6.2 & 6.3 Brown v. Board of Education (I, II)
In 1954, four separate cases were arguing that Plessy's "separate but equal" doctrine, especially in public school systems, was unconstitutional under the Fourteenth Amendment, and they suggested that the Court integrate schools to make them equal. The Brown v. Board of Education ruling shocked the nation when it proclaimed that seprate but equal was no longer going to be considered constitutional. A year later, in Brown v. Board of Education II (1955) the Court ruled that all racially segregated systems had to integrate immediately. An Arkansas governor, Orval Faubus, refused to follow the mandates. Faubus surrounded Little Rock’s Central High School with National Guardsmen to prevent African American students from entering. This eventually lead to President Dwight D. Eisenhower sending troops to protect the nine African American students at the school.
6.4 Women's Rights
The National Organization for Women (NOW) formed because the Equal Employment Opportunity Commission failed to enforce laws prohibiting sex discrimination. The Civil Rights Act of 1964 claimed to prohibit race and sex discrimination, but women activists wanted full equality which they pushed for in the Equal Rights Amendment (ERA). The Amendment stated that equality of rights under the law wouldn't be denied by the US or a state because of sex. Also, it gave Congress the power to enforce those things through legislation. In 1973, Roe vs. Wade ruled that women had the right to privacy, for example to terminate a pregnancy. This case helped persuade more states that the ERA and privacy rights were linked, so more states ratified the amendment. By 1978, 35 states ratified the ERA but it still wasn't enough for ratification and the Amendment failed. Meanwhile, Title VII and IX were successful in expanding women's rights in the areas of public schools and sports teams and sexual harassment laws.
6.5 American Indians
In 1887, the Dawes Act marked when the government began supporting assimilation over the separation of American Indians. All Indians were given land within the reservations, and the rest of it was sold to whites, decreasing reservation lands from 140 million acres to 47 million acres. Indians became full citizens and were given the right to vote in 1924. In the 1960's, Indians first began to mobilize and formed groups such as the NARF (Native American Rights Fund) which was founded in 1970. They have achieved important victories in the areas of hunting, fishing, and land rights, and they are also working to gain back lands that they lost, some even over 200 years ago.
6.5 Yick Wo v. Hopkins
Discrimination against Asian and Pacific Islanders increased over time in America, and in 1882 the Chinese Exclusion Act was passed, which restricted immigration. In 1886, however, this trend began to change with the case of Yick Wo v. Hopkins. Chinese weren't allowed to practice many professions, but they were allowed to have laundry businesses in California, and so many of them did. San Francisco was particularly filled with laundry businesses because of it, and so the city banned all cleaning businesses that operated out of wooden buildings, most of which were operated by Chinese. The Court ruled in favor of the Chinese and stated that the law violated the Fourteenth Amendment.

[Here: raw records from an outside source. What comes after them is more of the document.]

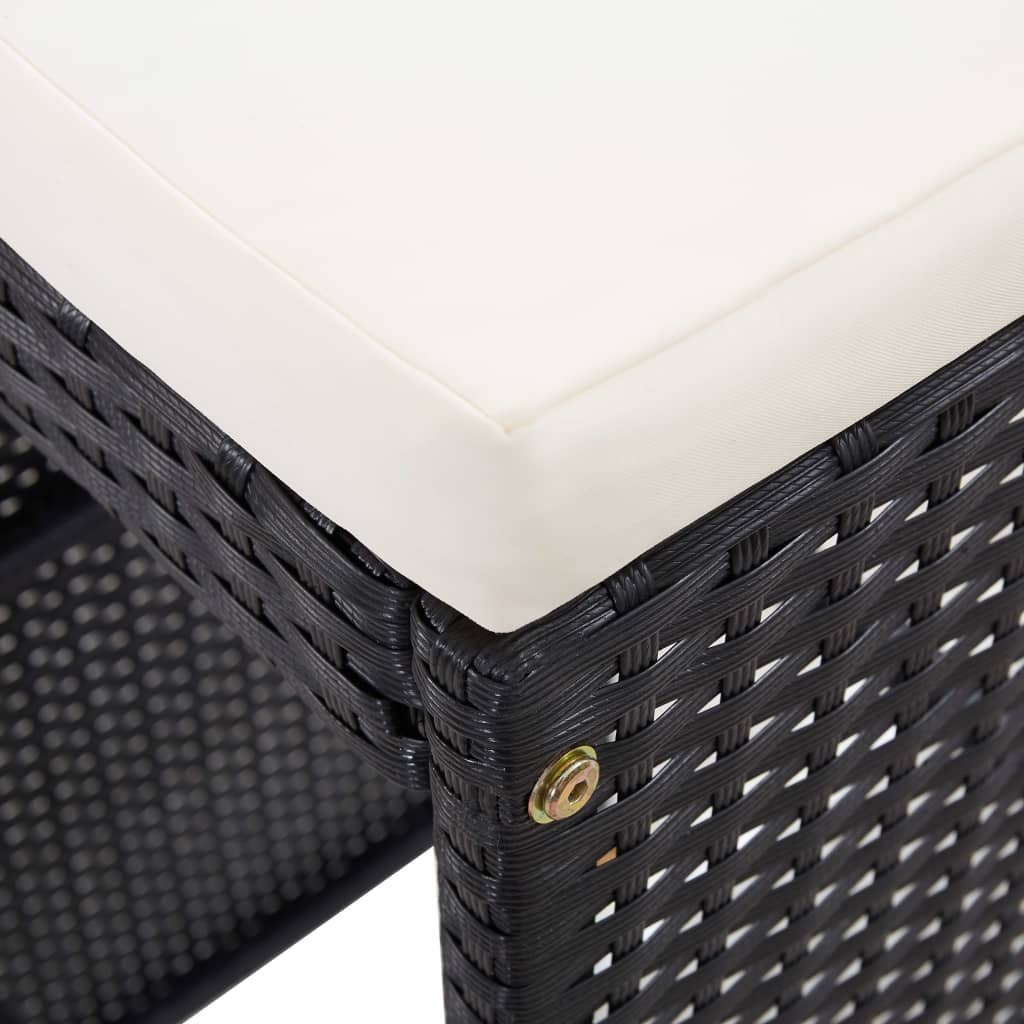 Utendørs barsett 9 deler polyrattan sort - number 7.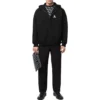 Felpa con cappuccio e zip con logo ricamato “Black” 674719TLVH81070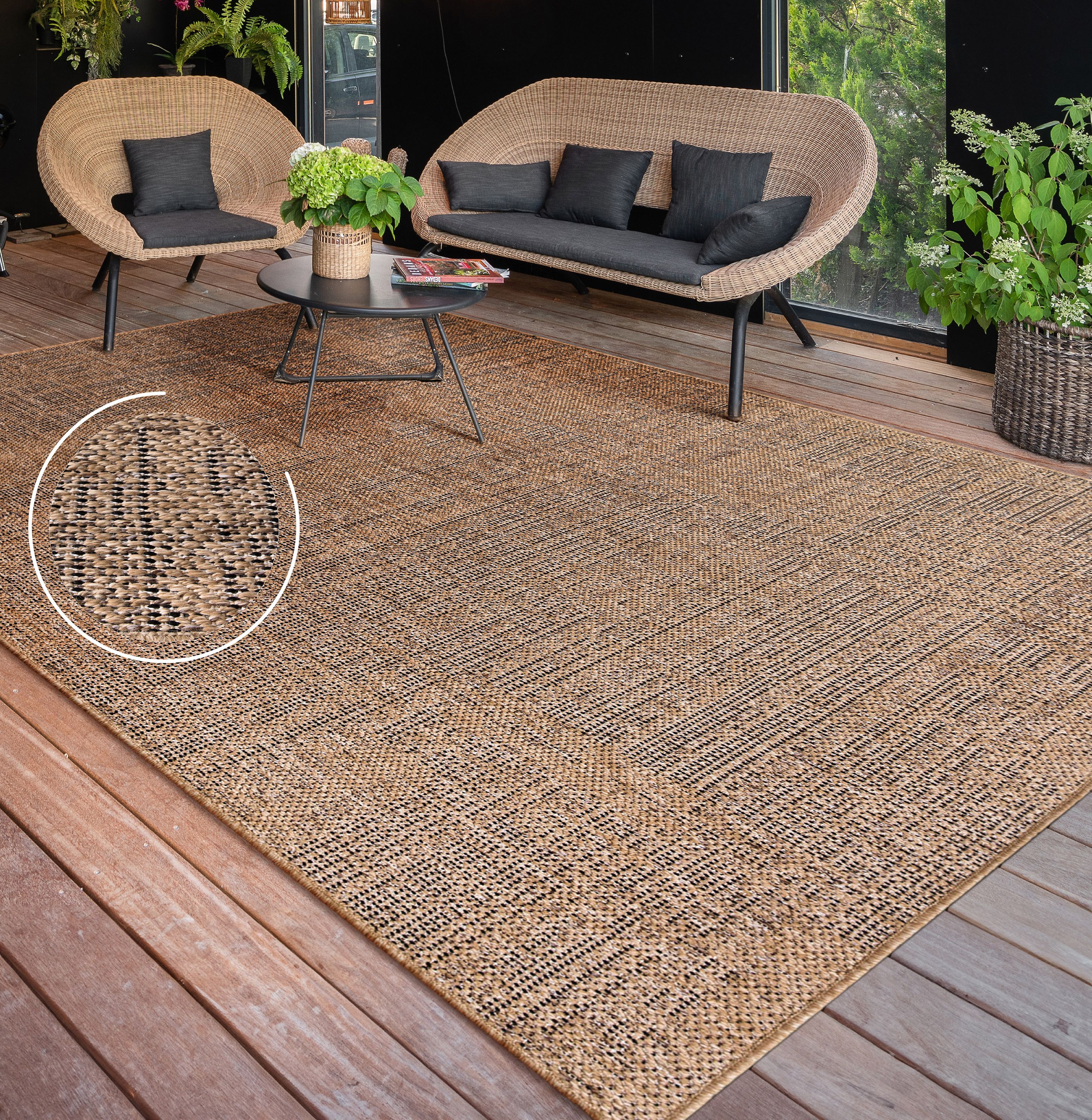 Polypropylene Rug for Indoor Outdoor beige / 5'3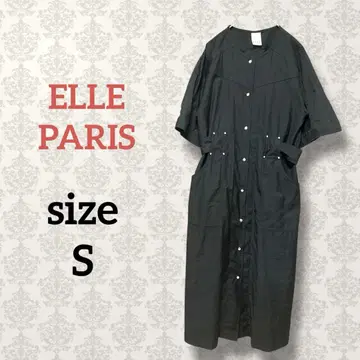 ELLE PARIS [ S ] 노카라 셔츠 롱 원피스 블랙 반팔 블랙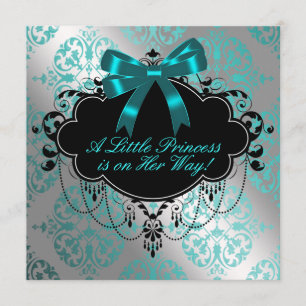 Invitation Silver et Turquoise Blue Princess Baby Girl Douche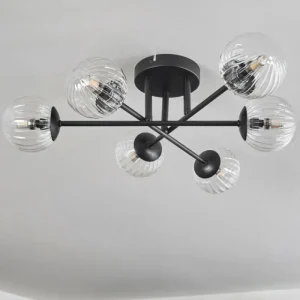 hofstein Plafonnier - Verre 10 cm Chehalis Clair, 6 lumières* Lampes Modernes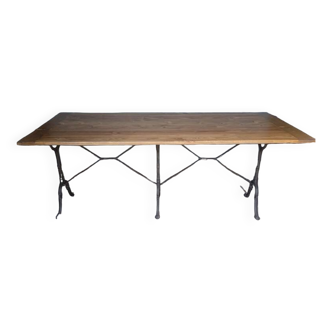 Large family bistro table with wooden top 190cm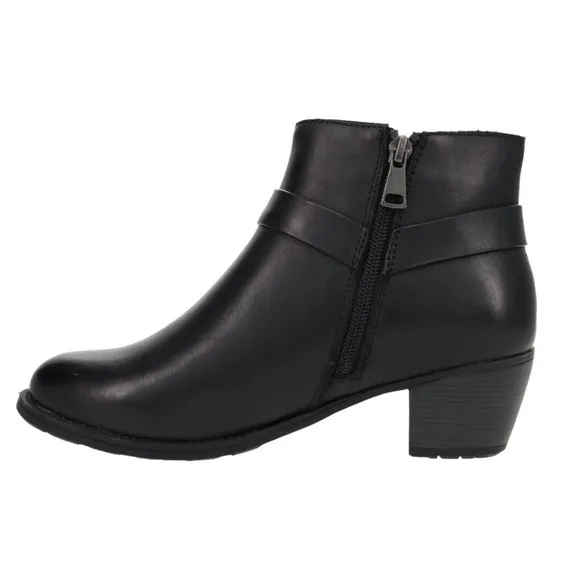 Propet Boots Women Size 8 Wide Topaz Leather Ankle Black Shoes Zip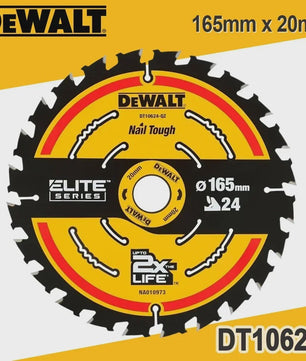 DeWalt DT10624-A9 Cirkelzaagblad 165mm x 20mm, 24T - Voor Houtbewerking & Constructie
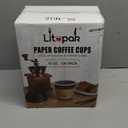 LITOPAK 100 Pack 10 oz Paper Coffee Cups for Hot Chocolate Drinks, Black Disposable Coffee Cups with Lids, Sleeves and Stirring Sticks for Parties, Picnic, Travel, and Events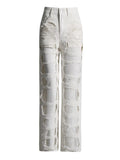 Fongt Spring And Autumn New Trend Broken Hole Mesh Splicing Straight Pants Design Sense Jeans Female-Outfit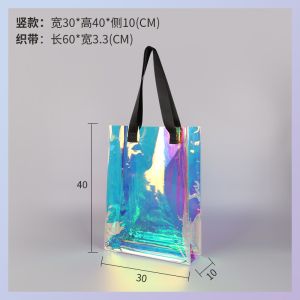 Beach Totes Bags For Women Waterproof Iridescent Shoulder Handbags With Phone Pouch Clear Beach Bag, Foldable & Washable Tote Bag For Work Gym Pool, Travel Wedding, Compatible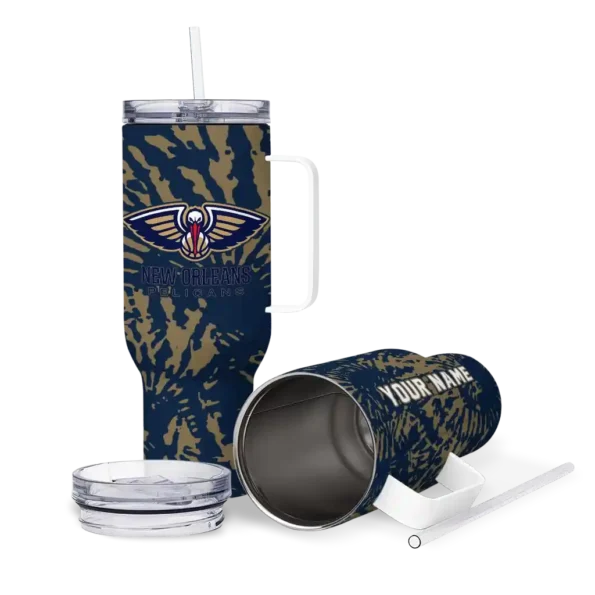 personalized new orleans pelicans burst swirl navy curved tumbler high quality 1.webp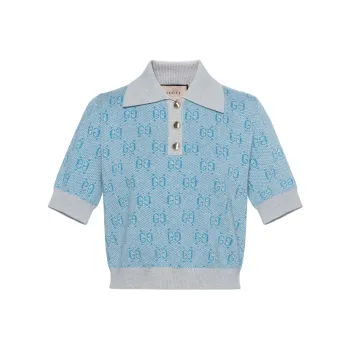 GUCCI SS24 Polo Shirt Women's Light Blue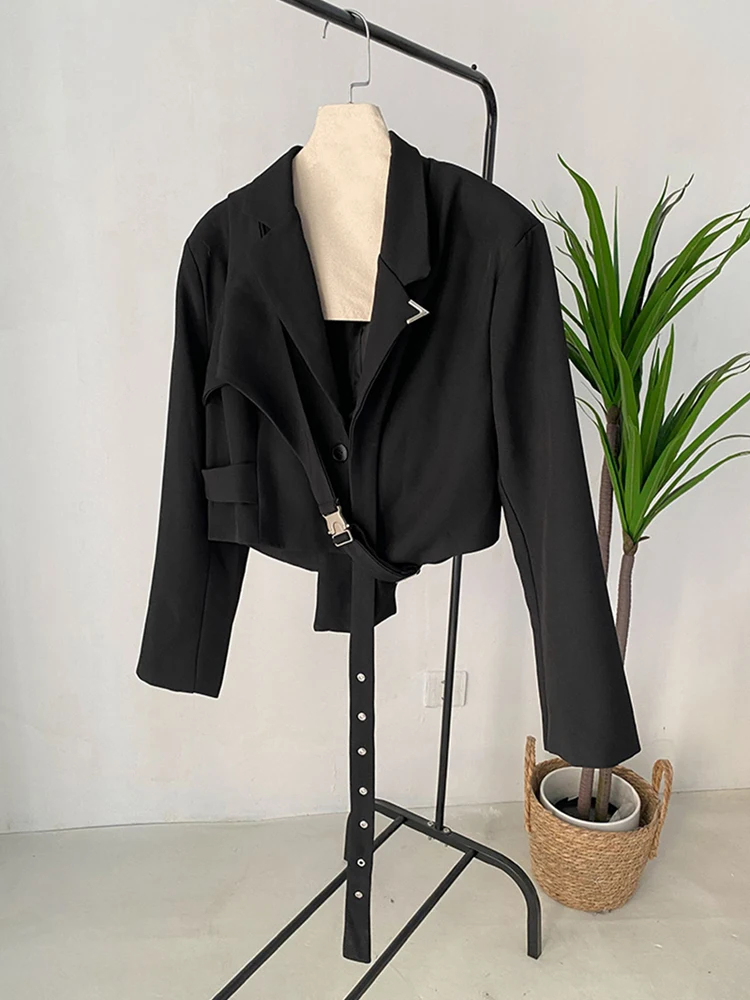 [EAM]  Women Black Irregular Ribbon Short Big Size Blazer New Lapel Long Sleeve Jacket Fashion Tide Spring Autumn 2024 1DF0335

6.1 & 6.2 Civil Rights Act of 1875
The Civil Rights Act of 1875 was designed to give equal access to public places such as theaters and give African Americans guaranteed jury service. But, in 1877 when Reconstruction ended, the southern states quickly moved in on African Americans and limited their voting rights and discriminated in other ways with the Jim Crow Laws. These laws required segregation in restaurants, railroads, public schools and facilities, and theaters. Jim Crow Laws even made interracial marriage illegal. The reason why the discrimination laws were not going against the Civil Rights Act of 1875 was because of a series of Civil Rights Cases in 1883. The five separate cases were convicting individuals of violating the Act, but the Supreme Court ruled that it was not their place to prohibit private acts of discrimination, rather only on the state or government level. Over ten years later, in Plessy v. Ferguson (1896), the Supreme Court ruled that the Louisiana Law of separate but equal was constitutional, which caused a trend in the South of new laws allowing for discrimination against African Americans. Also, this caused an even greater expansion of the Jim Crow Laws to the point where it just became an accepted way of life for people living in the South.